Sunday, November 1, 2015

Important disc from the Nielsen Project

From October 29, 2014:


This new DaCapo CD with the New York Philharmonic Orchestra conducted by Alan Gilbert includes fresh live recordings of two of the greatest 20th Century Symphonies, the first and fourth by Carl Nielsen. These are strongly felt performances; Gilbert calls this "full-blooded, passionate, dramatic and ultimately human music." An early review of the First Symphony, also quoted in the liner notes, called Nielsen "ruthless but innocent - like a child playing with dynamite." Gilbert shows the Bart Simpson side of this astonishing work, downplaying its 19th Century Romantic roots in favour of something sharper, ruder, more modern. The challenge for today's musicians is to present revolutionary music of a century (Nielsen or Stravinsky) or two or three centuries ago (Beethoven or Monteverdi) and make it sound as freshly radical today. This means turning up the volume or sharpening the focus, and Gilbert and his excellent players do both here, to great effect.

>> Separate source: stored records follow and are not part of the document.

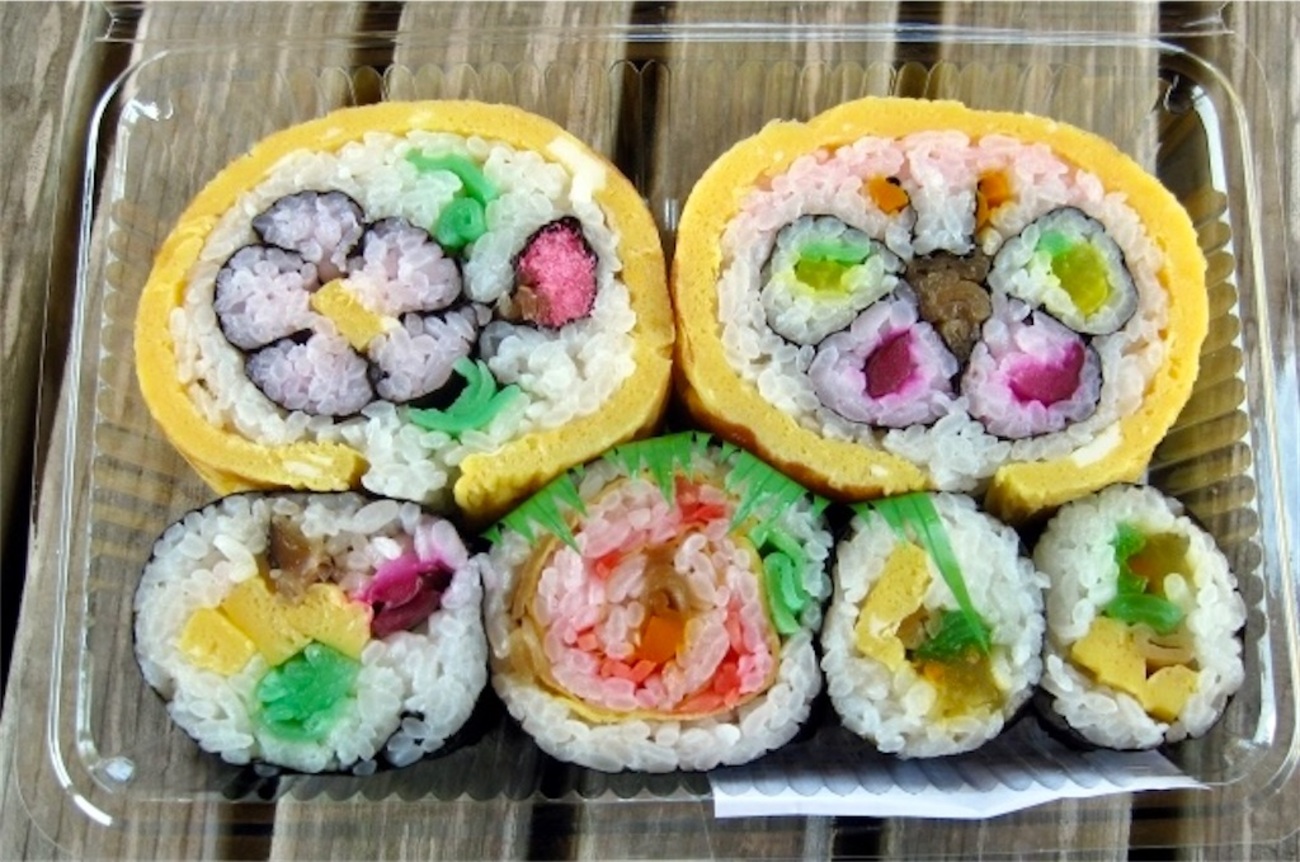 千葉県郷土料理「太巻き寿司」の作り方|名前の由来・歴史・材料・栄養素まで解説【家庭で作れる華やかレシピ】 - 食べ物系情報ブログ
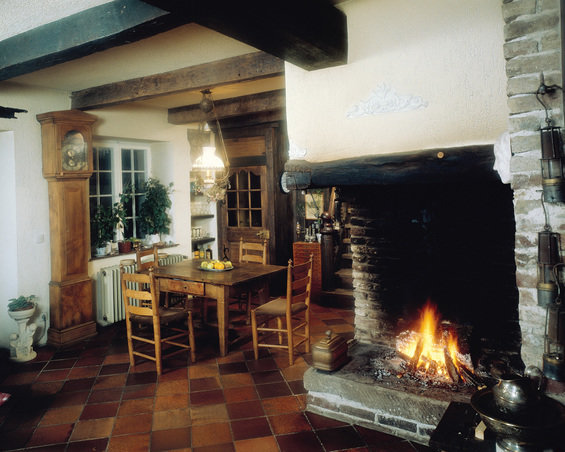 Фотография: Кухня и столовая в стиле Прованс и Кантри, Классический, Современный – фото на InMyRoom.ru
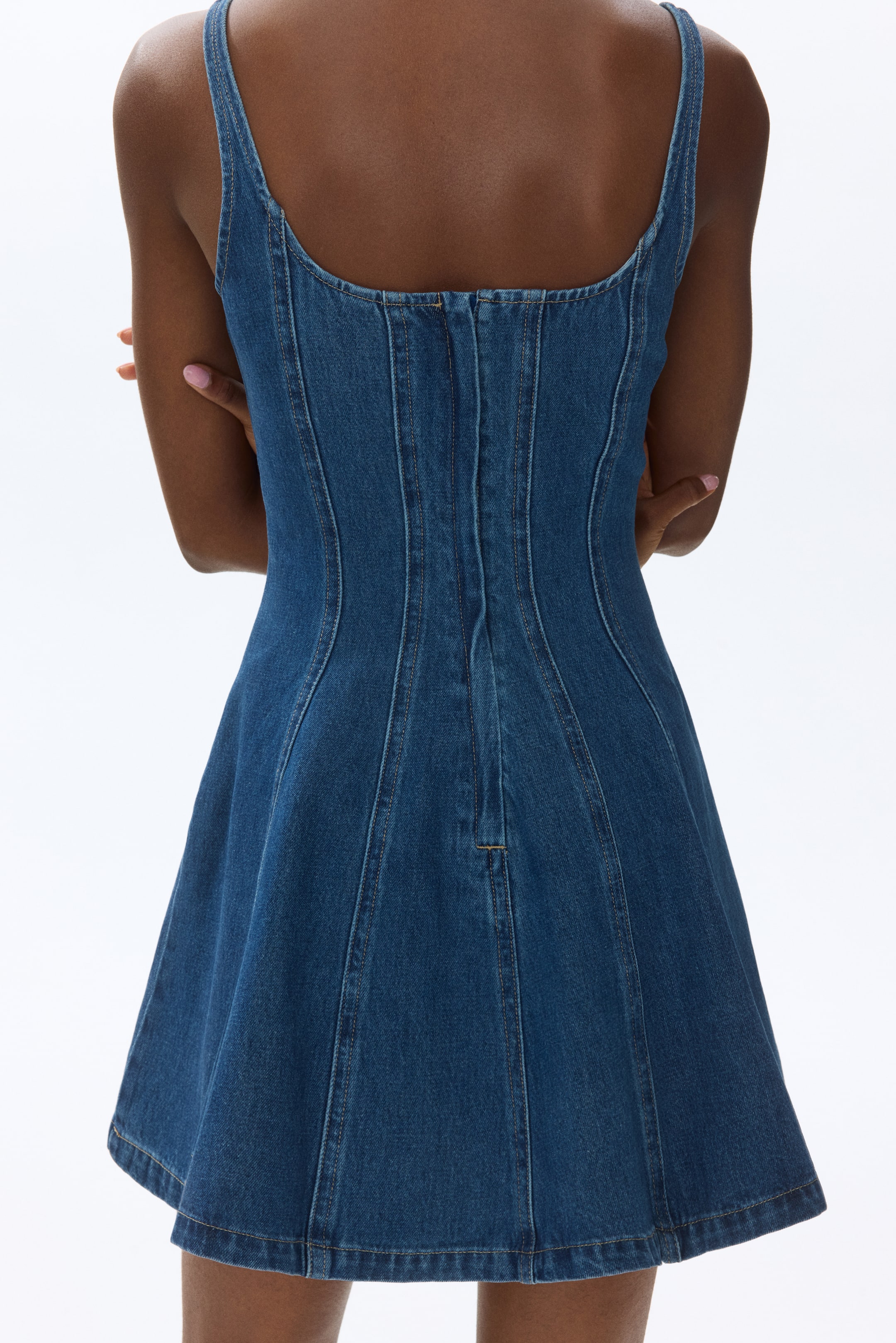 Женские платья H&M Flared-Skirt Denim Dress — фото 4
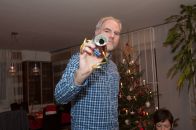 No, that does not work. The content may fall out.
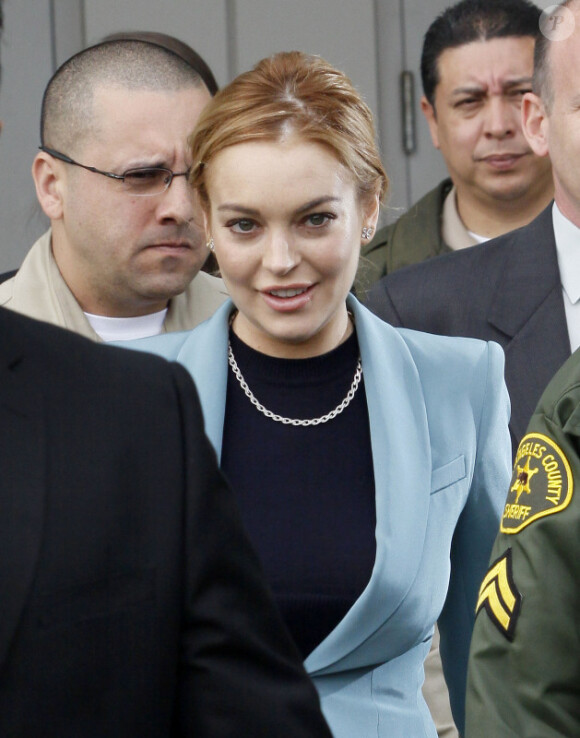La vie sourit enfin à Lindsay Lohan, libérée de toute comparution devant la Cour supérieure de Los Angeles, le 29 mars 2012.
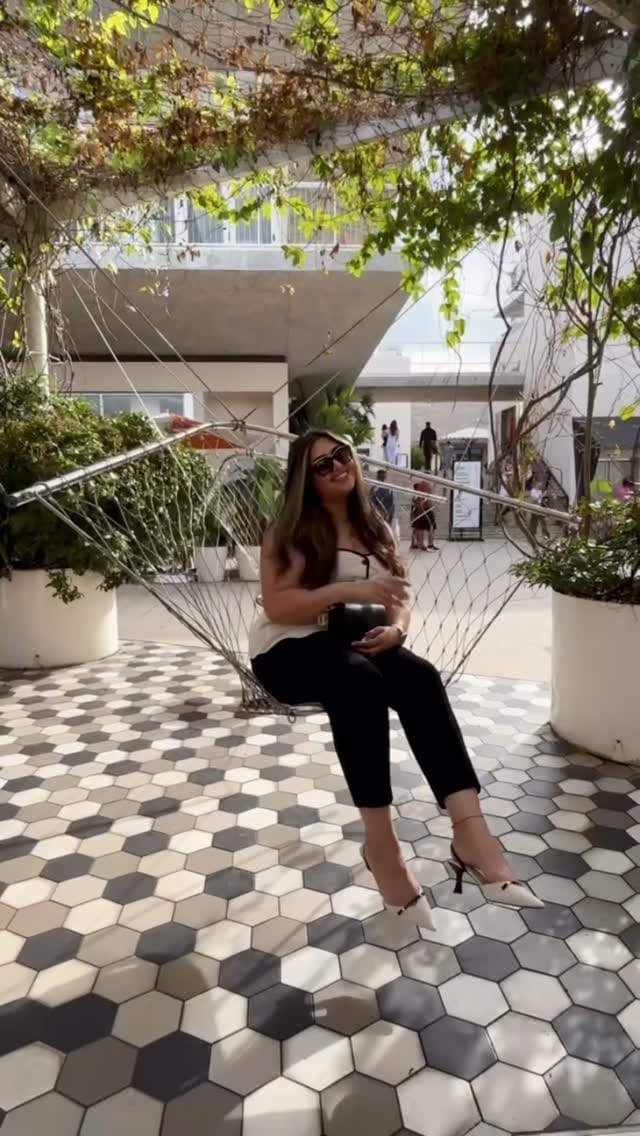 Post 3 by Shreya on Instagram (video)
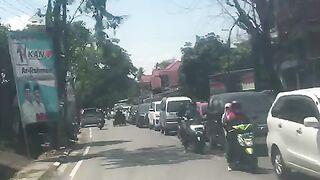there are many cars stuck in traffic jams on the highway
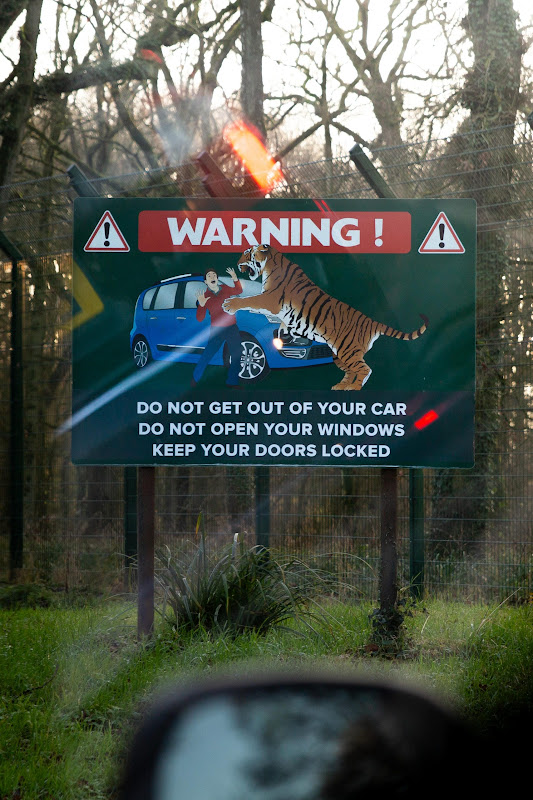 Sign warns about animal attacks at Longleat Safari Park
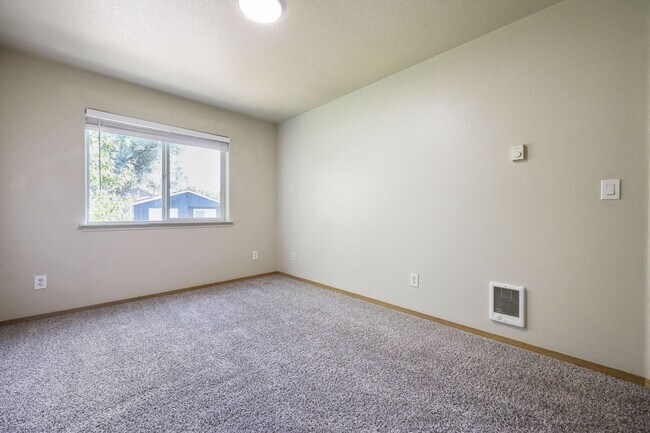 Building Photo - 4bed/2.5 Bathroom house - SE Portland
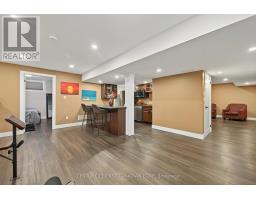 703 ZAIFMAN CIRCLE - 32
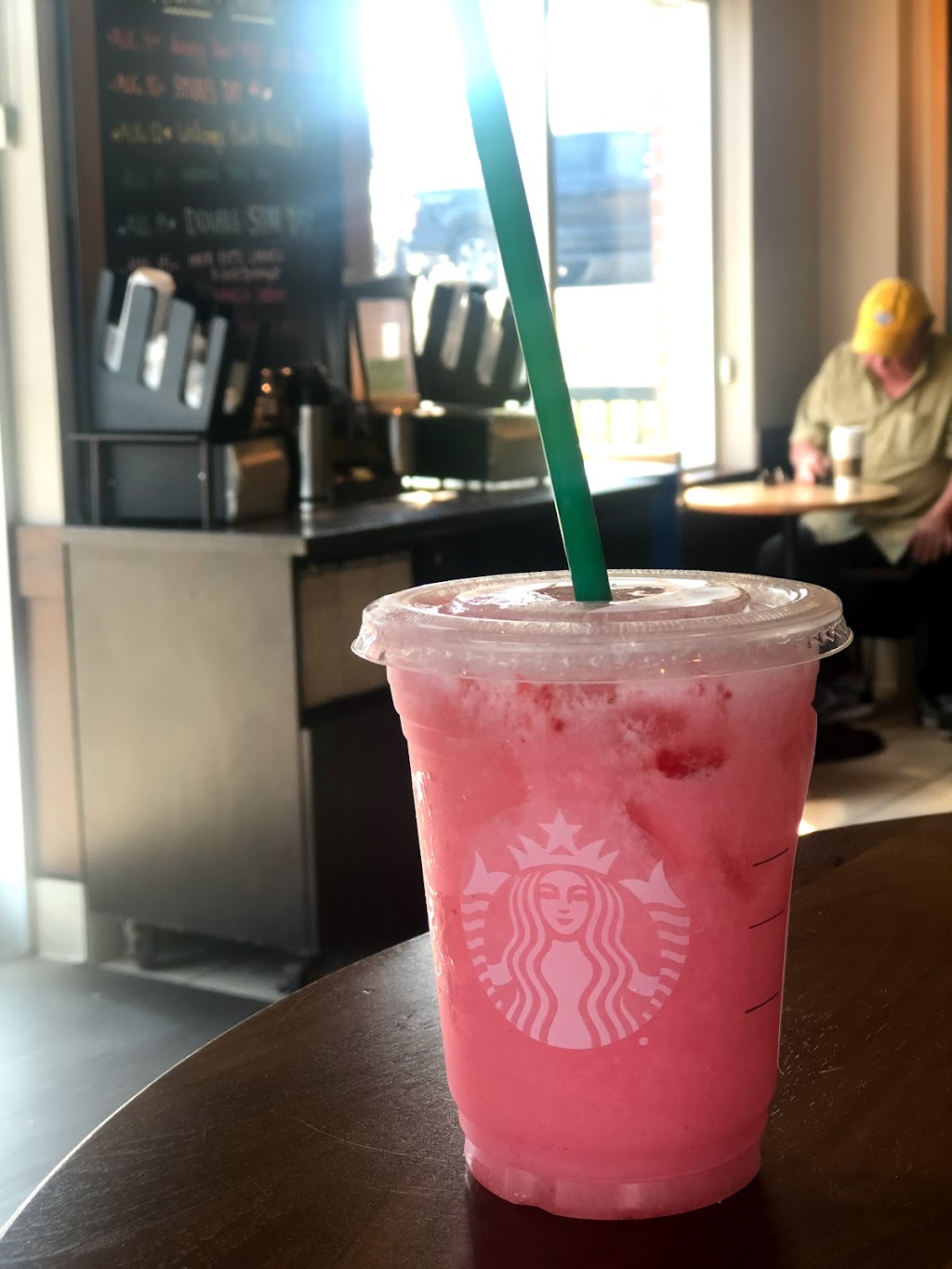 Starbucks | 1151 Division St, Kingston, ON K7K 5W3, Canada | Phone: (613) 545-7958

I don't mean to slight the Fourth Symphony. This great work, written during the slaughter of World War I, represents the mature composer's deepest thoughts on life as well as music. Its exalted programme - it's called `The Inextinguishable" - might have condemned a lesser composer's music to bathetic gestures and cliche, but Nielsen's default mode is liveliness. His music always has a strong pulse, and this work has such a vital forward thrust that even the grief Nielsen expresses over the violence overtaking the world has its own dramatic interest. Gilbert and the orchestra are again admirably direct and dramatic, and are aided by a clear and lifelike recording.

This is more than a great Nielsen recording, though great Nielsen recordings are hardly thick on the ground. It is part of the vitally important Nielsen Project (nyphil.org/nielsenproject) which will present concerts and recordings of the six symphonies and three concertos from 2012 to 2015. Alan Gilbert deserves a great deal of credit for his vision in bringing this music to a wider audience and raising Nielsen's reputation closer to what he deserves: amongst the three or four greatest composers of the 20th Century.